Comer algo entre dos rebanadas de pan determina dos actitudes gastronomicas distintas. Nadie piense que John Montagu, conde de Sandwich comía cualquier cosa entre los dos trozos de pan ingles que lo han inmortalizado. Un sándwich puede ser un regalo para los sentidos y un boquete en la cartera. Como muestra, queda el recuerdo de un bocata a base de caviar que se comía el industrial y rey de la especulación Muñoz Ramonet, del que se decía que “en el cielo manda Dios y en la tierra el señor Muñoz”. Era mil pesetas de los años sesenta, por un bocata de lujo con un punto de mantequilla irlandesa. Precisamente hoy el señor Muñoz es noticia en la prensa porque después de dos décadas de litigios, el Tribunal Supremo ha concedido al Ayuntamiento de Barcelona el legado de sus dos palacetes. Lo malo es que en este tiempo ha desaparecido parte de la colección de obras de arte, Greco, Goya, que poseía este millonario consumidor de unos bocatas de caviar que le servían las ya desaparecidas Mantequerías Leonesas.
La relación entre el pan con algo y los días duros queda explicita en muchos párrafos de novela negra. Los personajes de este tipo de literatura comen de cualquier manera. Raymond Chandler, en “El largo adiós” define con precisión el mal bocata: “comí un sándwich de pollo y bebí una taza de café. El café estaba recalentado y el sándwich tenía tan rico sabor como un trozo de tela arrancado de una camisa vieja.
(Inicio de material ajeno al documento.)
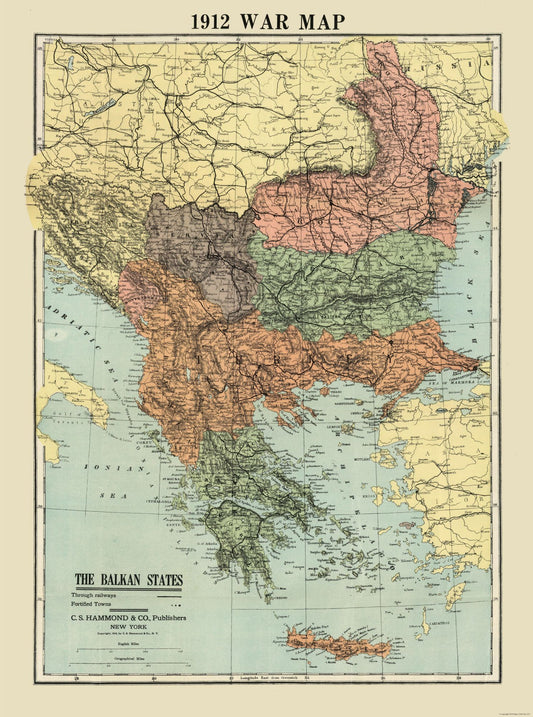Historic War Map - Balkan States War - Hammond 1912 - 23 x 30.96 - Vintage Wall Art
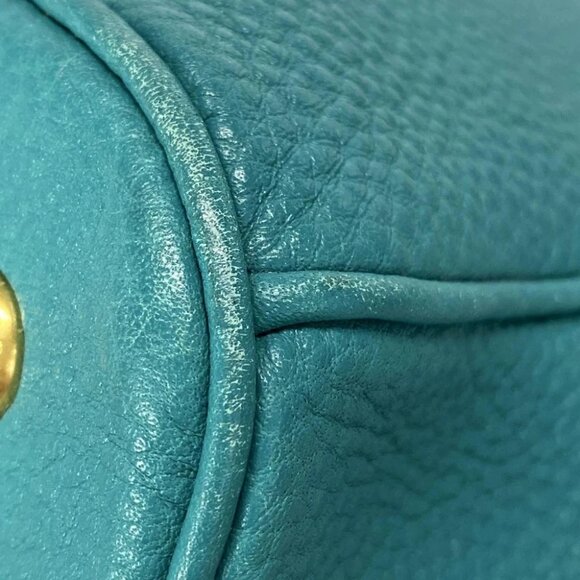 Auth PRADA Turquoise Leather Tote Bag - Picture 7 of 14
Los americanos comen cualquier cosa si esta tostada y unida por un par de palillos y tiene lechuga saliendo por los costados, preferiblemente un poco marchita”.
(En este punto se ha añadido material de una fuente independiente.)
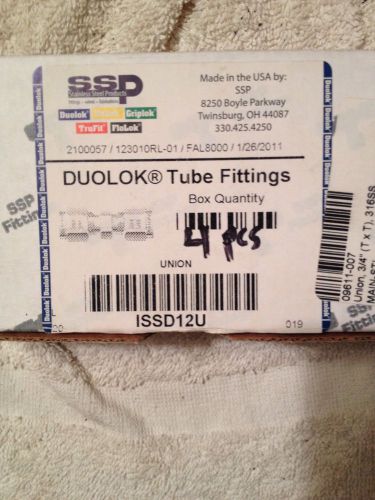 SSP DUOLOK, NEW, ISSD12U, 3/4T X 3/4T Union 316 SS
El jamón de cerdo ibérico es el antídoto caro del bocadillo basura. Para saber de jamón hay que afinar los sentidos, empezando por la vista, porque el color es importante y nos indica que tipo de vida ha tenido un marrano, de color negro retinto y de curiosas orejas caídas hacia los ojos. La libertad, correr debajo de los encinares y pelear por las bellotas con otros congéneres crea una aristocracia del cerdo, ya sea en Jabugo o en Guijuelo. Si el cerdo entra en montanera a los 14 meses, con lo que la carne ya esta hecha, presentara una infiltración de grasa adecuada. Al reducirse el contenido acuoso durante el curado, aparece una coloración roja intensa que, junto al veteado o marmorizado, es signo de calidad. Su mayor proporción suele aumentar con la edad del animal. Un mínimo de práctica nos enseña que existe una relación entre las vetas de grasa, el color, el olor y el sabor. Es fundamental averiguar si la pieza es de recebo, alias de un cerdo que, hasta los 80 kilos, ha comido pienso, rastrojo y pasto, y cuando ha llegado a los 120 kilos, se ha alimentado con bellota y hierba hasta ser un peso pesado de 170 kilos que ha terminado su cebo con pienso. Es mas barato que un ibérico de bellota, que en su juventud ha comido únicamente pienso, bellota y pasto, pero que ha conseguido los 180 kilos dándose el lujo de hierba y bellota. El llamado de pienso también es un ibérico que, al que tras una juventud en libertad, ha sido alimentado con pienso. Unos y otros no valen lo mismo, como tampoco son equiparables todas las ganaderías. Como en el deporte, en el mundo del jamón hay guijuelistas y forofos de jabugo. Unos y otros tienen razón, porque diferenciar lo mejor de las dos zonas no es una tarea fácil, aunque sea de lo más agradable.